Moreover, according to court records, a nearby resident reported a domestic disturbance Nov. 8 in which the woman involved in the dispute possibly had a knife. The investigator reported in court records, “Subjects involved later found residing in storage unit at Whalen’s.”

The list includes additional drug overdoses, as well as others arrests for drug possession, theft and other offenses.

“Multiple individuals who have claimed residency in a storage unit at Whalen’s Mini-Storage & Radiator Shop and/or who have been identified as having been present at Whalen’s Mini-Storage & Radiator Shop with associates/renters of units for the unauthorized purpose of residency in a storage unit, whether residing there or visiting, have been identified as having violent and/or criminal histories,” court records allege.

The first criminal case against Whalen identifies 33 of those people, while the most recent one identifies 12, according to court records.
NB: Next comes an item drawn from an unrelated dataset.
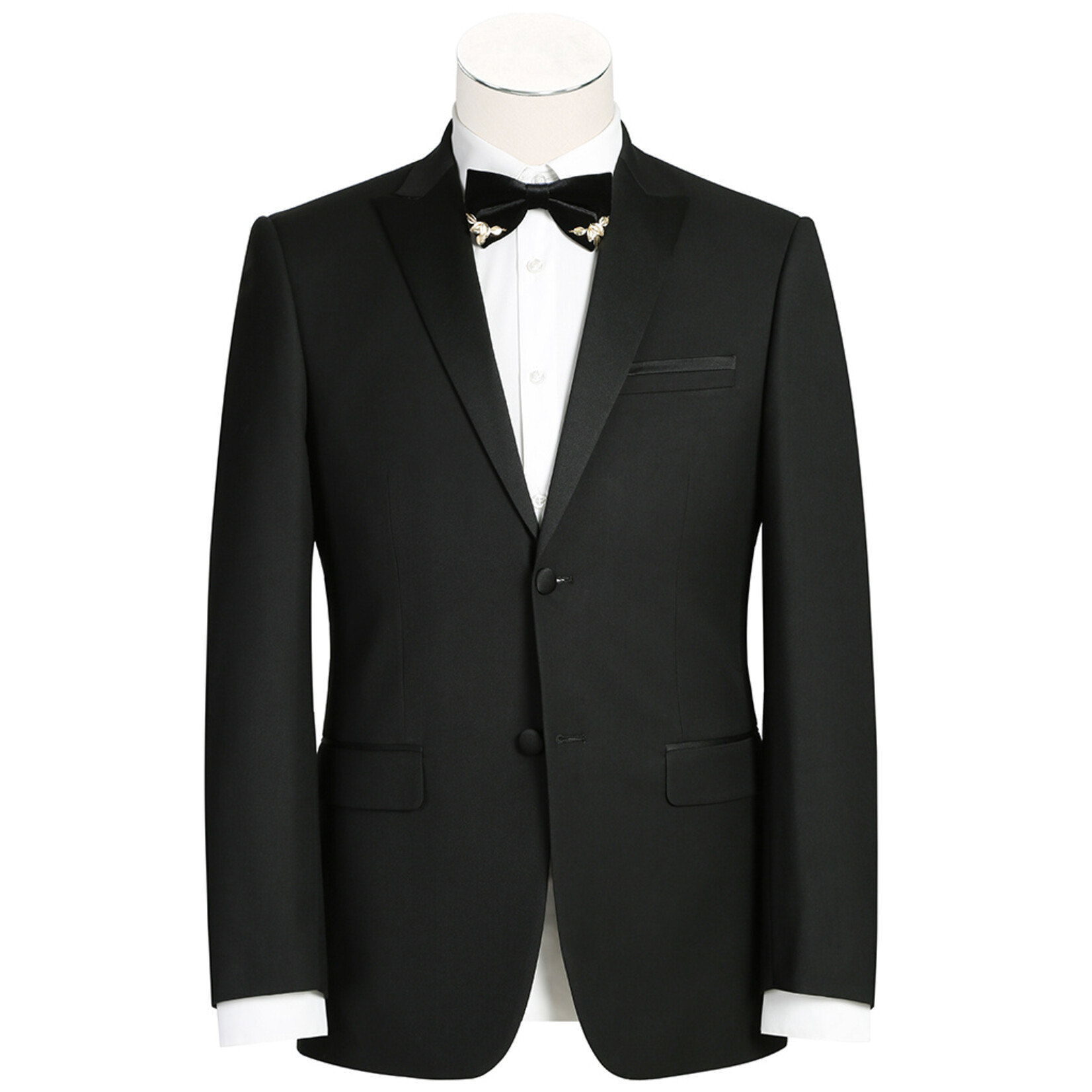 Renoir Slim Tuxedo Jacket - 2 Colours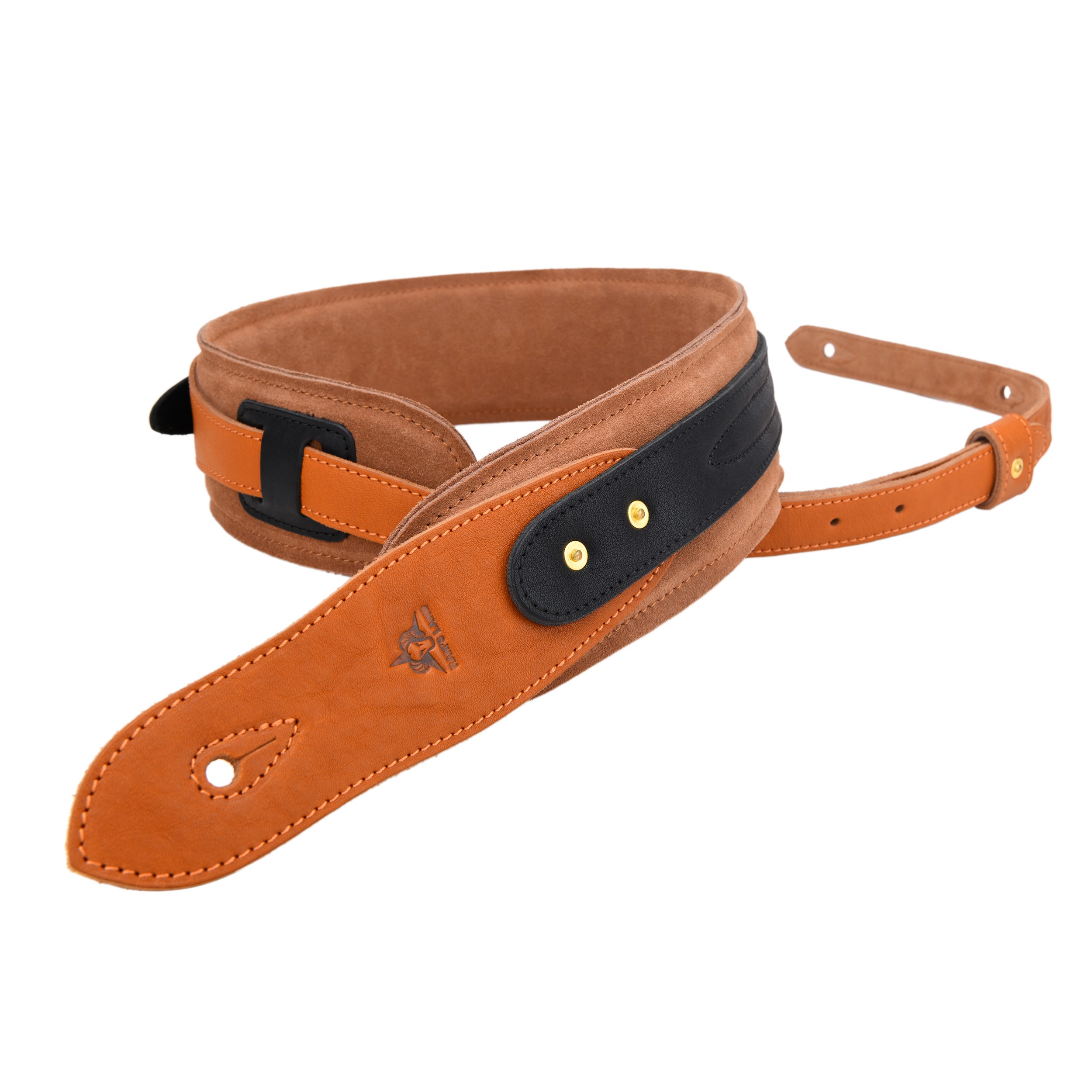 Acoustic Guitar Dreadnought - 3 inch Wide Leather Guitar Strap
Police officials and court records allege that Whalen is aware that people are living in his storage units and that he is complicit.

“The rumor is he is taking cash to let people live in his storage units. He is a facilitator and his property is acting as a flophouse. On a weekly, if not daily basis, we are handling calls for service there, and it (the property) is a plight on the neighborhood. The residents in the neighboring homes were thankful when he was arrested,” Capt. Joseph Zurolo, an EPD spokesman, told the Cecil Whig on Tuesday.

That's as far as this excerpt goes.